If I could stay out of the garden until early June, I might get by without using season extenders. But by the end of April my fingers are twitching and I’ve simply got to start planting. Having worked at Gardener’s Supply for over 15 years, you might imagine the motley assortment of gardening equipment that fills my basement, barn, and outbuildings. I have tried just about every contraption out there. These days, my essential season extending equipment includes hoops and various row cover fabrics, hot caps, and a greenhouse.

Horticultural fabrics play a very important role in my garden. I use Garden Quilt to cover broccoli and lettuce plants, which are set out in late April when overnight temperatures still dip into the teens. I also use Garden Quilt when it’s time to plant tomatoes and peppers (mid-May). I keep them covered with it until the end of May, and then switch to the All Purpose Cover, which stays on until mid-June.

Once I start planting the bulk of the garden, I haul out the big box of All Purpose fabric (each piece neatly folded after last fall… right!). New transplants always get covered for a few days. (I never bother hardening things off. Who has time to carry flats in and out every day?) Using horticultural fabrics lets me plant when I have the time to do it, without risk of transplant shock – even on sunny days. (I can’t wait for a cool overcast day – if it’s Saturday, it’s planting time.) Wind protection is also a key benefit. My garden is in a very windy spot, and fabrics keep tender transplants from being battered. I usually use wire Support Hoops beneath the fabrics (the hi-rise hoops are my favorites). Hoops allow me to stretch the fabric tightly so the wind doesn’t catch it. Earth Staples are essential. Clothespins are also useful.

I use Hot Caps of various kinds to cover cucumbers, zucchini, and melons. I suppose I could cover them with fabric, too, but since I usually have only a few of each plant, I find hot caps are easier.

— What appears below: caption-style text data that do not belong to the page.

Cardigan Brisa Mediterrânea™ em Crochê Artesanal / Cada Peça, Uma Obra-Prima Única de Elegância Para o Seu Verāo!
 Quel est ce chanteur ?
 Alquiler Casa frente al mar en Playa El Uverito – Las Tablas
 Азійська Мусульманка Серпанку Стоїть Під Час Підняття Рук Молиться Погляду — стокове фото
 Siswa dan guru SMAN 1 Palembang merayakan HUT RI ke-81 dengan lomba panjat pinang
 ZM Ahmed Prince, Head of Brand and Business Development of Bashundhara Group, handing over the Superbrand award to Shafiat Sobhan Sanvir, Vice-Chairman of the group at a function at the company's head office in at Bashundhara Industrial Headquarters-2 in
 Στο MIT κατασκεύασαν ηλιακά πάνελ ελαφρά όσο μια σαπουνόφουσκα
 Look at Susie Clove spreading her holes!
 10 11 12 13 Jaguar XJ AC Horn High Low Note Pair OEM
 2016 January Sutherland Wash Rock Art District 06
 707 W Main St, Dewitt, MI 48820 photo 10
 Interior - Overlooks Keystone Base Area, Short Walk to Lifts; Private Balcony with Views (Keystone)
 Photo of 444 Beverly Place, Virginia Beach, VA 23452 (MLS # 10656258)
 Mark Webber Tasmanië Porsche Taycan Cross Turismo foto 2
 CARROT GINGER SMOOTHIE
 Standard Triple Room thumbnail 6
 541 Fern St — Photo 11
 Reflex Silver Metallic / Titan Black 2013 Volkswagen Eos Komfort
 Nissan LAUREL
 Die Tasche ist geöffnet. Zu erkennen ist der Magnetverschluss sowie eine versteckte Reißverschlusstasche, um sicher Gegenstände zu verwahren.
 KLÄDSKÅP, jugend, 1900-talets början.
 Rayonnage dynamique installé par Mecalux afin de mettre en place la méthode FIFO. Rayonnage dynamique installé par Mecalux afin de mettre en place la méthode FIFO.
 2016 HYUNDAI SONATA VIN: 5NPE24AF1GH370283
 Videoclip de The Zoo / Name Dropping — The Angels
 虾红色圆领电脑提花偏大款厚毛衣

Tomatoes are always a challenge in Zone 4. For the past couple years I’ve used the following system with great success. Set out your transplants in a row and put a Folding Tomato Cages around each one. Take a long length of Garden Quilt. Use clothespins to attach one end of the fabric up the side of first cage at the end of the row. Run the fabric down one side of the cages, wrap it around the last cage, and continue back up the other side of the cages. Close the circle where you started. Then fold the fabric over the top of the cages from one side to the other and secure it with more clothespins. Your tomatoes will be inside a snug, custom-sized cocoon. As the weather warms up, you can fold back the fabric on top for better ventilation. I leave the fabric around my tomatoes until mid June – even longer if the weather is still cool.

I use my greenhouse (A 10′ x 12′ Northern Light) for seed starting, and grow salad greens in the in-ground bed from March through June, and again from September through November. Last summer, I planted all my eggplant and a couple bush tomatoes in the in-ground bed. I’ve never had so many eggplant, and the tomatoes in the greenhouse were the only ones that escaped early blight. Greenhouses are the ultimate season extenders. But that’s a whole other story.